As we spoke, an elderly woman with big eyes approached the stand and rested her cane against one of the station’s columns as she gazed at the bouquets. Tsoumas came out from behind the flowers and told her he wouldn’t be there next week. “I have bad news, I’m leaving. I’m retiring,” he said, leaning briefly into her.

“Oh, congratulations!” the woman replied and patted him gently on the chest.

“Thank you so much, I appreciate it,” he said.

The gray-haired woman said that she had known Tsoumas for at least 20 years and that whenever she visited the neighborhood she would get flowers from him. She wished him good luck and reminded him to keep doing “something” after retirement.

He nodded, smiling. That is a fear he has: stopping. “If I make it past the first six months I have a long life ahead of me,” he said, sitting back on his black and metal stool. He compared himself to an old car. If you keep it running, it will sputter along. But if you stop the engine, “kaput!” Tsoumas interjected. “But the car goes to the garbage… Me? I go six feet down.”

Cognizant of this, the flower man has his first months of retirement carefully mapped out: on July 6 he travels to his hometown—the place with the long history and crystalline-water beaches. Family members will take turns traveling to meet him at the house he and his wife have there. Tsoumas flies back to New York in September.

The prospect of spending a lot of time with his three granddaughters excites him. “One week, two weeks I stay home and relax. And after that? Tell me,” he asked, shuffling his white tennis shoes back and forth.
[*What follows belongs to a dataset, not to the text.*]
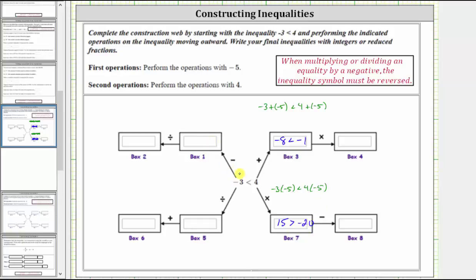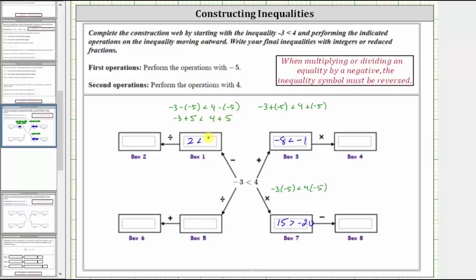In this direction, we subtract negative five from both sides, which gives us negative three minus negative five is less than four minus negative five. Remember, subtracting a negative is equivalent to adding a positive, so on the left we have negative three plus five is less than four plus five. Negative three plus five is two, giving us two is less than nine, which is true.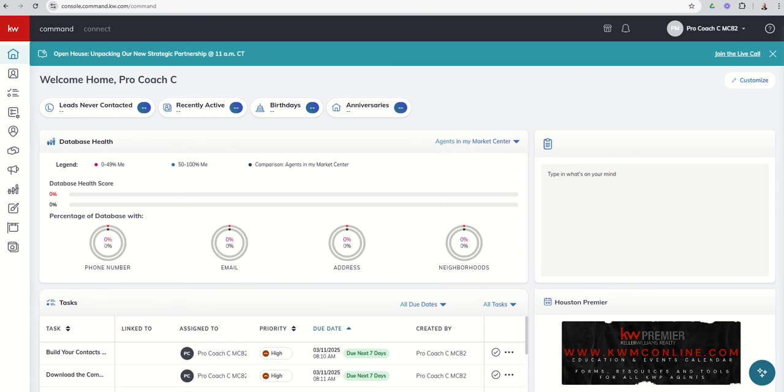Good morning, Keller Williams, and welcome back to the KW Command 66 Day Challenge 9.0, and today is day four.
He’s thinking that even with the flower concession gone, once a month he might visit the neon-lighted station that provided him with his livelihood so that he can hang around and greet his formerly faithful clientele. One of those customers, a spectacled man clad in elegant wine-colored pants and a vest, approached Tsoumas’ corner.

“Hey Peter, how you feeling, man?” he asked.

“I’m okay,” Tsoumas replied, his squinting face quickly breaking into a beaming smile.

On Friday, Tsoumas will end his professional life giving away whatever flowers he doesn’t sell.